= Liz Nicholl =

Welsh sports administrator and former netball player (born 1952)

Dame Elizabeth Mary Nicholl (née Daley; born August 1952) is a Welsh sports administrator and former netball player. She was chief executive of UK Sport from 2010 to 2019, and is the president of World Netball, having been re-elected for a second term of four years in 2023, and chair of the World Netball Foundation, launched in 2023.

==Early life and education==

Nicholl was born in Barry, Vale of Glamorgan, Wales, the sixth of seven children. Her father was a junior schoolteacher and coached his school's football and cricket teams. She played various sports growing up and tried to compete with the boys on her father's teams. She began playing netball competitively and played at university. One of her coaches at university was Sue Campbell, now Baroness Campbell, who also was Chair of UK Sport. Nicholl represented Wales in international netball competition including two world championships, with 22 caps between 1975 and 1979. She played as a centre and wing attack.

Nicholl earned a Bachelor of Science degree in chemistry from the University of Nottingham, a Post Graduate Certificate in Education from Leicester University and a Master's of Science in Recreation Management at Loughborough University.

==Career==

Nicholl was chief executive of the All England Netball Association from 1980 to 1982 and 1986 to 1999, and was director of the 1995 World Netball Championships held in Birmingham. Nicholl joined UK Sport in 1999 as the Director of Elite Sport overseeing the Performance Directorate. After 10 years in this role, she was appointed chief operating officer (COO) in 2009. In 2010, she was named chief executive officer.

During her time at UK Sport, the United Kingdom has improved significantly in international sporting events. The UK finished just 36th in the medal table at the 1996 Summer Olympics in Atlanta, but improved its performance at each successive Olympic Games. In 2016, the UK finished second in the Olympic and Paralympics medal tables and made history as the first country to increase its medal count at both the Olympics and the Paralympics immediately after hosting the Games. Nicholl has been called the architect of the organisation's strict "all or nothing" funding system, which has faced criticism due to its focus on medal count and budget cuts in sports that perform poorly. In 2014 she was called "the most powerful woman" in British sport.

Nicholl left her role as CEO at UK Sport in July 2019.

==Voluntary roles==
Nicholl is currently the President of World Netball. She was elected at the INF Congress 2019 in Liverpool ahead of the 2019 Netball World Cup.

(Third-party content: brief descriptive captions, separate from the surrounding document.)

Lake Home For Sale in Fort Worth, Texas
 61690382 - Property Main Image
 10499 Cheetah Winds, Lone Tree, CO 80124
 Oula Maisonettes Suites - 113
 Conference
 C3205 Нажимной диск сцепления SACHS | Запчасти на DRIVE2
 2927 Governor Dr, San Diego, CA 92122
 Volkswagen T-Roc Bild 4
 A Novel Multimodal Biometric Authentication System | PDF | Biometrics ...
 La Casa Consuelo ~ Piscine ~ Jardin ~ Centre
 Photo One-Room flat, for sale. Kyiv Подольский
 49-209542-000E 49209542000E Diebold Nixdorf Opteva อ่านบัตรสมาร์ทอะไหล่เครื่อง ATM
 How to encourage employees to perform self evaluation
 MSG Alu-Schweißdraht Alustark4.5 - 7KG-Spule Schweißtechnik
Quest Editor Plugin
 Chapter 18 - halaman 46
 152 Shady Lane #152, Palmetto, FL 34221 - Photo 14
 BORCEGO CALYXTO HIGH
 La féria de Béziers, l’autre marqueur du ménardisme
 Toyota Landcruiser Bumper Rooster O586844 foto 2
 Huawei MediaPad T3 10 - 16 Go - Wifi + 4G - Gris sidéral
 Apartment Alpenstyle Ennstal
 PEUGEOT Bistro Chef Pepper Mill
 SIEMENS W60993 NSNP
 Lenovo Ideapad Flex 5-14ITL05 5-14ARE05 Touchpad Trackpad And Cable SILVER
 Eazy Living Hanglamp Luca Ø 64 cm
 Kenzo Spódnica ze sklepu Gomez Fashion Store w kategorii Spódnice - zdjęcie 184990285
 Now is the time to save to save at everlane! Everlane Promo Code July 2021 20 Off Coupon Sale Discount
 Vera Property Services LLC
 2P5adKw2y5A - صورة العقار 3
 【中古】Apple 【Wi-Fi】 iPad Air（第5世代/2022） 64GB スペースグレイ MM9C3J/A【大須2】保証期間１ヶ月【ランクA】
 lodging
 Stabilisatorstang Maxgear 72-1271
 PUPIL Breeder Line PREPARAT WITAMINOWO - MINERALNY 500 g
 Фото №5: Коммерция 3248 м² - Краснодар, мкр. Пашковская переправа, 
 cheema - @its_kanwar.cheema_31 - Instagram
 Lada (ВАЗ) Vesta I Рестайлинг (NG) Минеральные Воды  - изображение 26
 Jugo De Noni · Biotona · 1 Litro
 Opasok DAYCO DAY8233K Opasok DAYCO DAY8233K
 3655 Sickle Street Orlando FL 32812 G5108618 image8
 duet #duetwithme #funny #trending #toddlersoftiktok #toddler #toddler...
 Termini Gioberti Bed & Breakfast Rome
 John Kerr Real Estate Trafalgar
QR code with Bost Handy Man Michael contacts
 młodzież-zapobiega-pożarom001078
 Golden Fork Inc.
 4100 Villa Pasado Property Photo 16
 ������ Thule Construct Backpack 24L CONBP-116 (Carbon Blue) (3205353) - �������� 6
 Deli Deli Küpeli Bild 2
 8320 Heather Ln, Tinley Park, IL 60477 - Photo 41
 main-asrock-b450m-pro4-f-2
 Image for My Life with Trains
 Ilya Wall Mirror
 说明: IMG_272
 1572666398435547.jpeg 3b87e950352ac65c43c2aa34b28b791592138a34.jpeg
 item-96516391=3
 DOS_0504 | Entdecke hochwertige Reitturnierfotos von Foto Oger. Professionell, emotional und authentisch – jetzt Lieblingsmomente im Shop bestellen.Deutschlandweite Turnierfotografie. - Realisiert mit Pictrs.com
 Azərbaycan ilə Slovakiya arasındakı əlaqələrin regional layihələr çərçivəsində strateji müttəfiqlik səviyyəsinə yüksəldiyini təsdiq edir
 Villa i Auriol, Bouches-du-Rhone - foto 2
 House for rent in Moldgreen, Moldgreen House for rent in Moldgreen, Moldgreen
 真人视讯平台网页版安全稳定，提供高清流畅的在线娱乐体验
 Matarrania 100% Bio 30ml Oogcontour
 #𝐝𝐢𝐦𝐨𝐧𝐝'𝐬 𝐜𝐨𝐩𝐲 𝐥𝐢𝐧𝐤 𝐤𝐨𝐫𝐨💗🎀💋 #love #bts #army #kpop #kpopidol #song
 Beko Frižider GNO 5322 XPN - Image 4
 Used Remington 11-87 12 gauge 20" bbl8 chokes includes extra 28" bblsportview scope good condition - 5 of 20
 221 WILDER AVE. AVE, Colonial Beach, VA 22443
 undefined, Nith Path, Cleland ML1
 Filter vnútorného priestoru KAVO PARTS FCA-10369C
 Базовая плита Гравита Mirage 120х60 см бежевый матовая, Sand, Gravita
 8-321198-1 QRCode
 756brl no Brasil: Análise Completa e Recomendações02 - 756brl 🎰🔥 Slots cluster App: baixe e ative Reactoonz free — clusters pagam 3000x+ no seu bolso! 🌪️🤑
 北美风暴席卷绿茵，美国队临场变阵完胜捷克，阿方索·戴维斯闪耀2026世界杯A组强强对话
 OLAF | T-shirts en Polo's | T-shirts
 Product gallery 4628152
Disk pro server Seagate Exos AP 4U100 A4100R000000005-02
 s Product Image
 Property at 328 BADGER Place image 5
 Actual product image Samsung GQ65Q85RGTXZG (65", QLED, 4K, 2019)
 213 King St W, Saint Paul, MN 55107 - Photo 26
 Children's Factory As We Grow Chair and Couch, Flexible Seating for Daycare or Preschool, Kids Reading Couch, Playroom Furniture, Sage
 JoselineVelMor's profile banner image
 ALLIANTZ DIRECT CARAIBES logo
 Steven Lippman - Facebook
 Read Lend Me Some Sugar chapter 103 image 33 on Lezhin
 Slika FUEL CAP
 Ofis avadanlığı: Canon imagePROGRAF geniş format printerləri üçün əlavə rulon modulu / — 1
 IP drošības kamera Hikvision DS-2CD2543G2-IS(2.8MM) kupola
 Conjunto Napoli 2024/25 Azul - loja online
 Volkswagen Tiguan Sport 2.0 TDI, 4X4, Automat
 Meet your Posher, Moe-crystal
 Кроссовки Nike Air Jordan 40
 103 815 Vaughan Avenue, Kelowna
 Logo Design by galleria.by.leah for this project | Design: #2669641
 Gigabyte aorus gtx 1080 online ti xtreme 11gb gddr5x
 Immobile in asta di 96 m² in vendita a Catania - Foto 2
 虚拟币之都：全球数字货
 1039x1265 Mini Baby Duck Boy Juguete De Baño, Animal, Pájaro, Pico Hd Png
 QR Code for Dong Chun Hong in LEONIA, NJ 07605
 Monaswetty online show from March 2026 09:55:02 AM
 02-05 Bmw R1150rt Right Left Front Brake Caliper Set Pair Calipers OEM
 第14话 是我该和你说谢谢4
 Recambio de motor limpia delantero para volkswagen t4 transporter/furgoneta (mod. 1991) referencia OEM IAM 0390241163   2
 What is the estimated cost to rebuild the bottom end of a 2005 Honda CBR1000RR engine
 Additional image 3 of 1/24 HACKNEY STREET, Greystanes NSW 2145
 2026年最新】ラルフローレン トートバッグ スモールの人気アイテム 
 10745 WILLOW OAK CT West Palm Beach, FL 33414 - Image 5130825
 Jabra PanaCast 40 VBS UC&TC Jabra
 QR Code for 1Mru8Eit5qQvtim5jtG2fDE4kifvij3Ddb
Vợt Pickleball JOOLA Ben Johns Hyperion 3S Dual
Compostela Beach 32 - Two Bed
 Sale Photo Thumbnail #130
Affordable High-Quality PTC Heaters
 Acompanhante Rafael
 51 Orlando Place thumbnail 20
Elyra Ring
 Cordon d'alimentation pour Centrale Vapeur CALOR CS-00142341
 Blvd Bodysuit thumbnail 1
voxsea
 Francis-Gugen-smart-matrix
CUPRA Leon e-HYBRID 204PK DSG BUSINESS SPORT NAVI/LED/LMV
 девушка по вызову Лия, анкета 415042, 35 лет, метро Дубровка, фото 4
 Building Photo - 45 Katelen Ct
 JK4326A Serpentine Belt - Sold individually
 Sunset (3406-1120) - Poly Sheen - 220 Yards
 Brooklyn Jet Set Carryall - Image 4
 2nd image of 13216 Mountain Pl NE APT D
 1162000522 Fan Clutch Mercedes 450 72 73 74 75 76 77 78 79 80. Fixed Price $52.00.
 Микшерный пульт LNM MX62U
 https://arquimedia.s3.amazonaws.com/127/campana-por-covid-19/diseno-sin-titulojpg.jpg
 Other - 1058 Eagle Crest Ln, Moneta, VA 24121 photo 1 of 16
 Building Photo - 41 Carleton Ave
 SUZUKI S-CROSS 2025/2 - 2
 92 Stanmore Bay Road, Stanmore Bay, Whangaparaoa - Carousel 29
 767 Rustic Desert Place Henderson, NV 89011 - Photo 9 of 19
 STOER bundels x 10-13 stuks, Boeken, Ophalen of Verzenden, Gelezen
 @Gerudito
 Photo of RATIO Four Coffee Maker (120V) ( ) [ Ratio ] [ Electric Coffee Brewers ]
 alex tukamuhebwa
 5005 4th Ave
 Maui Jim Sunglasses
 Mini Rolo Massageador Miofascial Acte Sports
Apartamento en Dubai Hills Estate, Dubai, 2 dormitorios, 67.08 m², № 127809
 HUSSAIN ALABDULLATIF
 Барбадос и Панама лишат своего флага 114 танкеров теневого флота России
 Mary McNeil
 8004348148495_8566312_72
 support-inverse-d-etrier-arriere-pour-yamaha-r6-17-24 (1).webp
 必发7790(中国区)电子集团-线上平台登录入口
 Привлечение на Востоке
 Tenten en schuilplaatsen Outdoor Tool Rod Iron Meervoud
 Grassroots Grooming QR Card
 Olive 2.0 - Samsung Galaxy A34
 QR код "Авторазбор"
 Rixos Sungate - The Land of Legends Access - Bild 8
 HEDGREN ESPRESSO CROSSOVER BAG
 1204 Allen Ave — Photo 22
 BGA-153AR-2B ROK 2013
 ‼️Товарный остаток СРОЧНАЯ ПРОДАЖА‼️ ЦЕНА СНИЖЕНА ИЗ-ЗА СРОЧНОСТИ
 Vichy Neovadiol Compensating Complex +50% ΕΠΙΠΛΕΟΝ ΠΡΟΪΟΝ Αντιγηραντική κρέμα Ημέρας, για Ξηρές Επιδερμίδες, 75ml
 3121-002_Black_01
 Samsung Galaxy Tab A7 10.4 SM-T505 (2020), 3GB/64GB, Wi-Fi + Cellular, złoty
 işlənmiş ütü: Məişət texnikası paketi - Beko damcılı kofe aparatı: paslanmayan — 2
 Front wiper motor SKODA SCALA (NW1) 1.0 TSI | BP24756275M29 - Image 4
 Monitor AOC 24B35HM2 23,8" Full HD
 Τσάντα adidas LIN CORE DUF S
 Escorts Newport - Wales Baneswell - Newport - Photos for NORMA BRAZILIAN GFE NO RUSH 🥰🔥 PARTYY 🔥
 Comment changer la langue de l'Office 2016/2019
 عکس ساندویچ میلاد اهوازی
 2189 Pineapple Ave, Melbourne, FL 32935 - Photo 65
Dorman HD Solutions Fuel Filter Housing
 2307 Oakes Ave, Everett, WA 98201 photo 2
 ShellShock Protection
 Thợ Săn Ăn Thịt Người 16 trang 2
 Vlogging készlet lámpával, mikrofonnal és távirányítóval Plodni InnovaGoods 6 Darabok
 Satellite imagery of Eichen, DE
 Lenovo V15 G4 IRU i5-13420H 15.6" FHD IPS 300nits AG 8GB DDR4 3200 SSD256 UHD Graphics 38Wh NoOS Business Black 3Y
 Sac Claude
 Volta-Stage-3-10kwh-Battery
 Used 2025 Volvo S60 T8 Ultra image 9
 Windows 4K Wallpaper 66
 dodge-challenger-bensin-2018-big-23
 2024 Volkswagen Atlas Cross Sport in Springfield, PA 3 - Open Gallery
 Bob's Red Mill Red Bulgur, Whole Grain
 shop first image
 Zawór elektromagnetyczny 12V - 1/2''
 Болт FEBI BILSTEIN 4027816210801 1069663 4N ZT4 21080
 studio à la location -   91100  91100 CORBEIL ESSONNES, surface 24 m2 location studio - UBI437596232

In 2019, she was appointed to the FAs Barclays Womens Super League Board, and will step down in 2024.

Previous voluntary roles include being a member of H M Government Sports Honours Committee 2017-2023; Vice Chair of Commonwealth Games England and Board member of Manchester 2002 Commonwealth Games 1998-2003; Board member of the Central Council of Physical Recreation (now rebranded Sport and Recreation Alliance) and its Vice Chair 1997-99. Nicholl stepped down from these two roles at the appropriate points to avoid any potential conflict of interest with her UK Sport role.

==Honours==
Nicholl was appointed Member of the Order of the British Empire (MBE) in the 2000 New Year Honours for services to netball, Officer of the Order of the British Empire (OBE) in the 2006 Birthday Honours, Commander of the Order of the British Empire (CBE) in the 2015 Birthday Honours, and Dame Commander of the Order of the British Empire (DBE) in the 2023 Birthday Honours, all for services to sport.

Nicholl received honorary doctorates from the University of Hertfordshire 2015; the University of Nottingham in 2015 and the University of Loughborough in 2019

In 1996, she received the Sunday Times Sports Administrator of the Year Award.

In 2016, Nicholl was awarded the Sports Journalists' Association (SJA) Gold Medal for services to elite sport.

In 2019, she received the British Sport Industry Lifetime Achievement Award.

==Personal life==
She married Andrew Nicholl in 1980. They have two adult children and two granddaughters. She and her husband, a retired sports management consultant, live in Hitchin, Hertfordshire.